>>45503301>Some Backstory:My first ever Pokemon was Absol. I caught it on my buddy's Ruby while he was letting me give it a try, and once I had my very first game (LeafGreen), he traded it to me. That Absol, who I named 'No Name,' carried me through the next four generations. I fucked up his EVs and it would die to any one attack by any Pokemon at a remotely similar level, but I loved him. He was my PokeBro.
But as I grew up, I grew out of Pokemon. I grew depressed (mental illness runs in my family), and two or three years ago, during a brief period of NEETness, I was trying a new medication. It really fucked up my decision-making capabilities, and gave me weird cravings.
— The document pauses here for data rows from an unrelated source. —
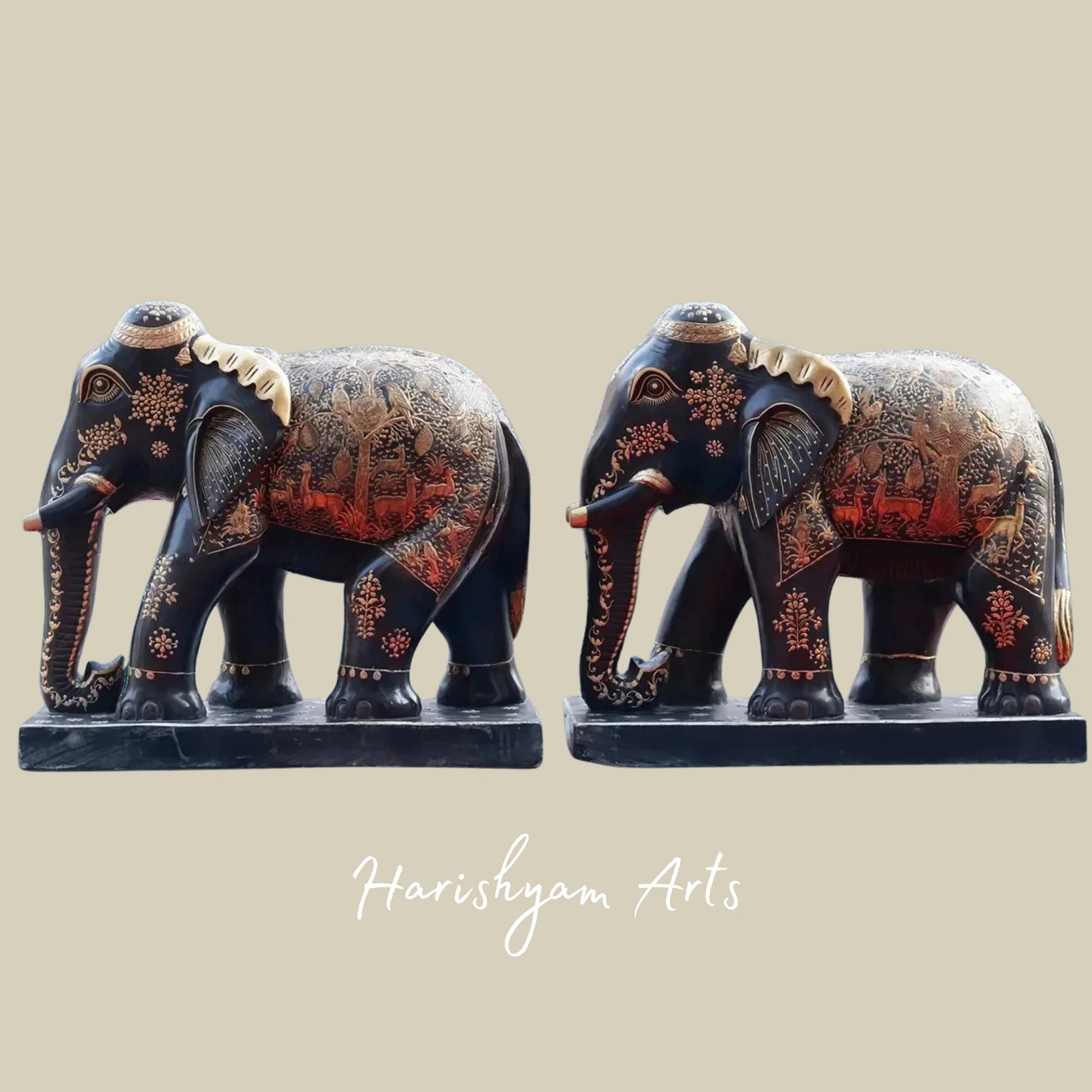 24" Rajasthani Black Marble Elephant Pair Hand Sculpted Art Figurines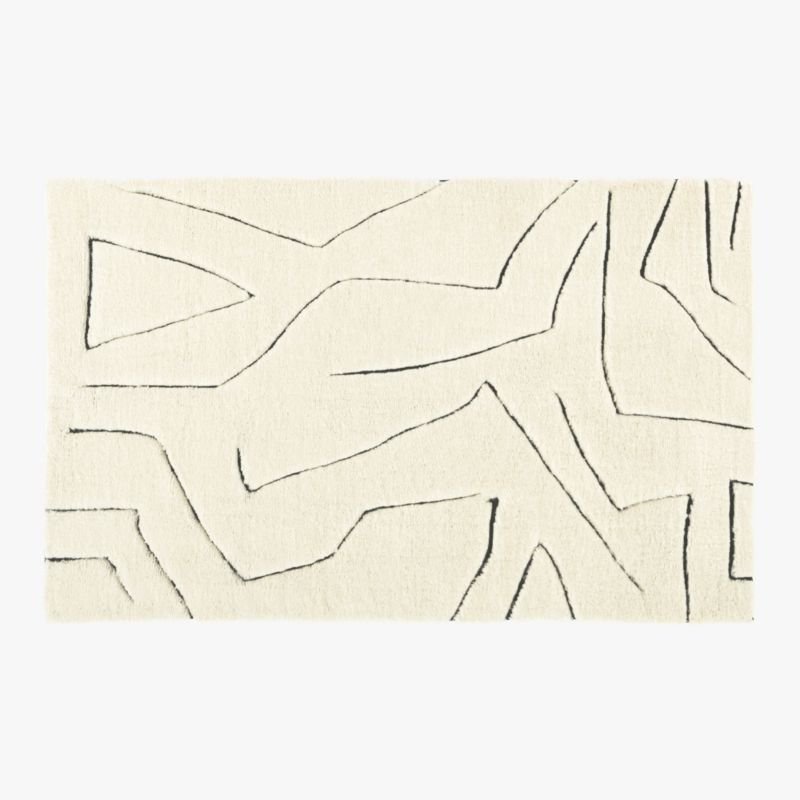 Myriad HandKnotted Warm White New Zealand Wool Area Rug 5'x8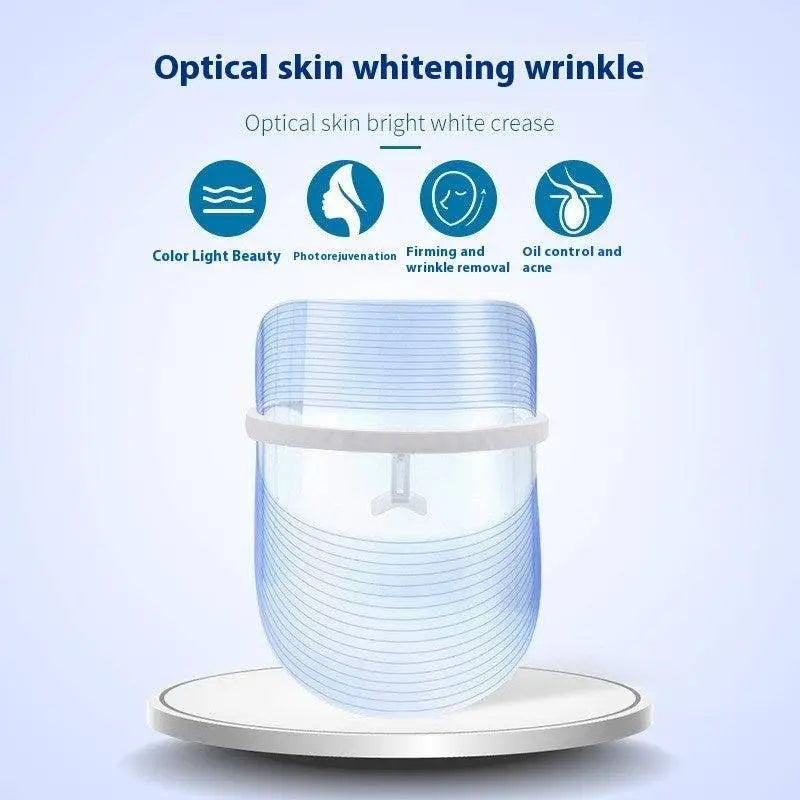 Transparent blue multifunctional facial massager led beauty mask with white frame and adjustable straps for skin whitening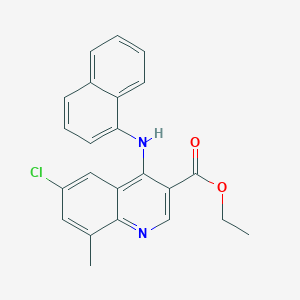 molecular formula C23H19ClN2O2 B374978 Ethyl 6-chloro-8-methyl-4-(naphthalen-1-ylamino)quinoline-3-carboxylate CAS No. 370843-81-5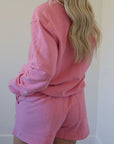 Rosy Brown Half Zip Long Sleeve Sweatshirt and Shorts Set Sentient Beauty Fashions Apparel & Accessories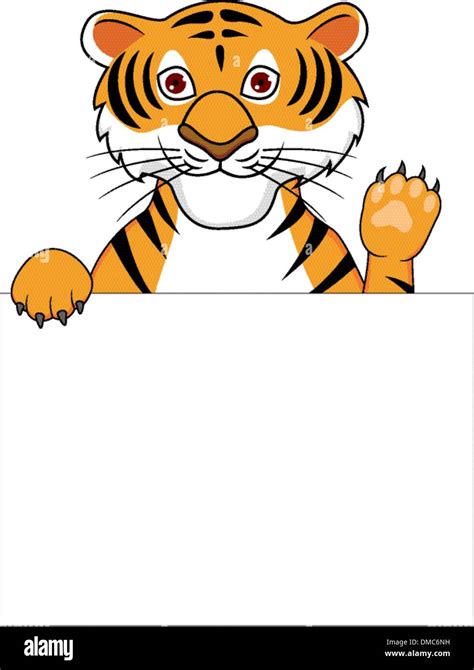 Tiger Cartoon With Blank Sign Stock Vector Image Art Alamy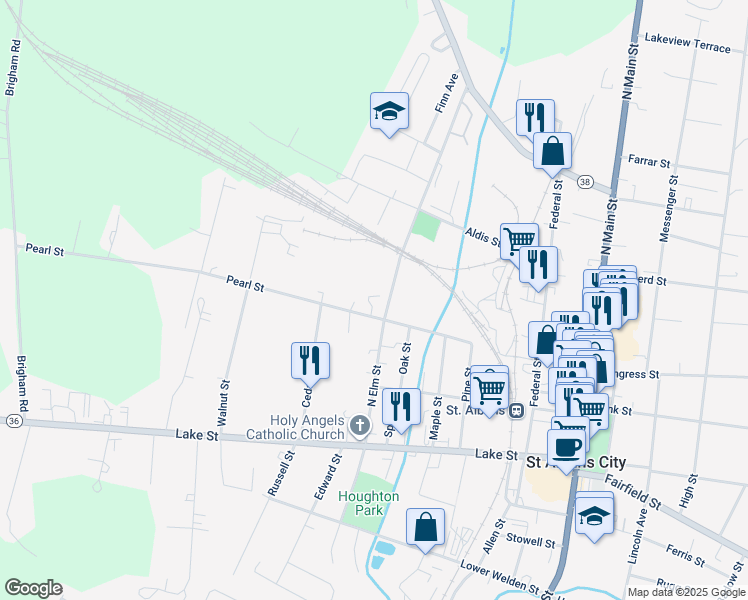 map of restaurants, bars, coffee shops, grocery stores, and more near 64 North Elm Street in Saint Albans City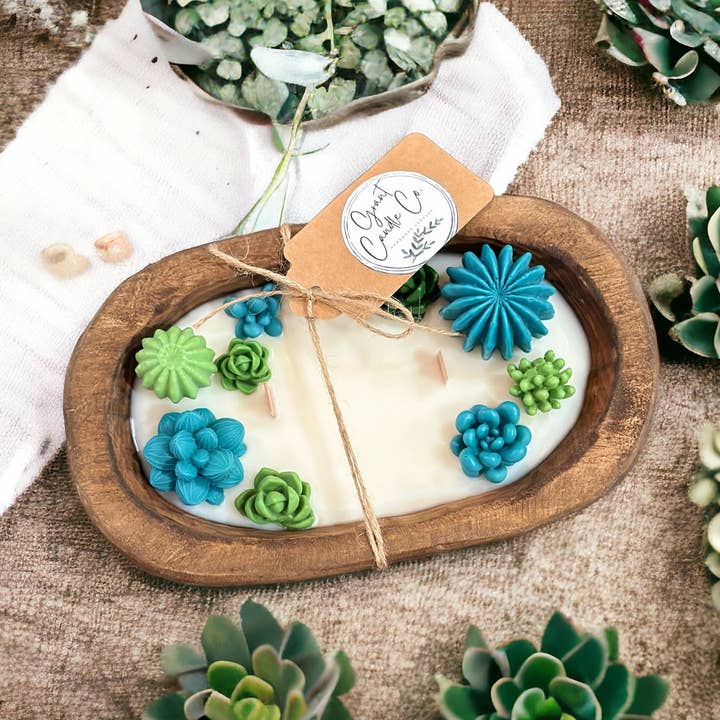 Succulent Dough Bowl Soy Candle- Baja Cactus or Blue Agave & Melon for wholesale by Grant Candle Co.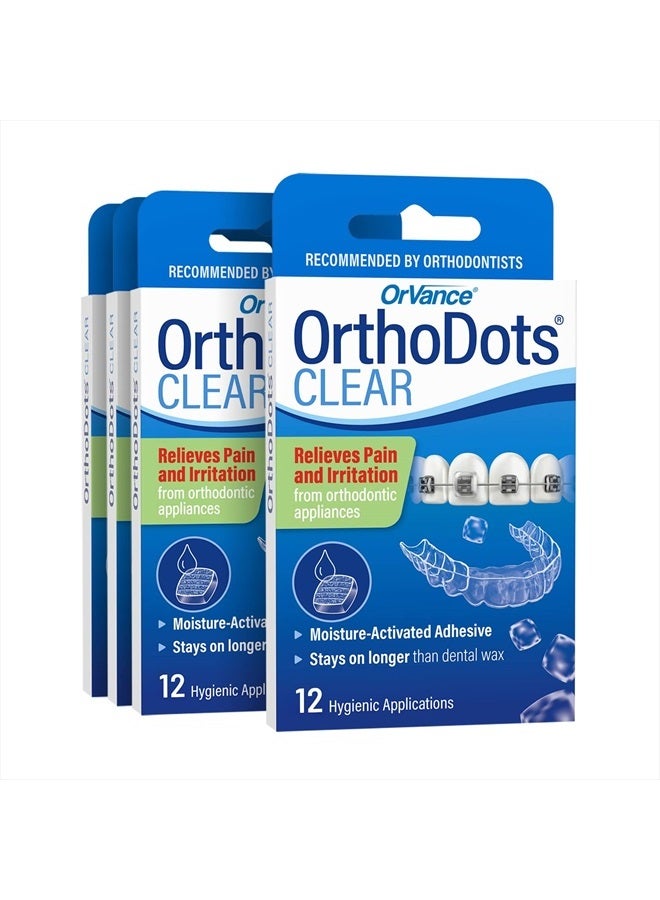 OrthoDots CLEAR – Moisture Activated Braces Wax Alternative for Pain Caused by Braces, Clear Aligner Trays, and Other Orthodontic Appliances. OrthoDots Stick Better and Stay on Longer than Dental Wax.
One morning, I really wanted to play Skyrim. The issue was I no longer owned Skyrim. And I was NEET, so I had no money. So I gathered up all the video games I didn't really play anymore, and I traded them into Game Stop for enough money for Skyrim and another game I couldn't even run.
Pokemon SoulSilver was among those games, and No Name was on it. I was so neurochemically fucked because of the medication, I didn't even think twice before trading No Name away.
I didn't really realize the magnitude of what I'd done until months later, once I had flushed all the Lexapro down the toilet. Even to this day, it hasn't really 'hit me,' for lack of a better term. I'm doing a lot better psychologically, but I just feel numb inside when I remember how I betrayed my PokeBro. All I can really hope for is that some other guy came along, picked up the game and saved Absol before overwriting the save.
RIP No Name (2004 - 2017). I'm sorry, my guy. I should have known better.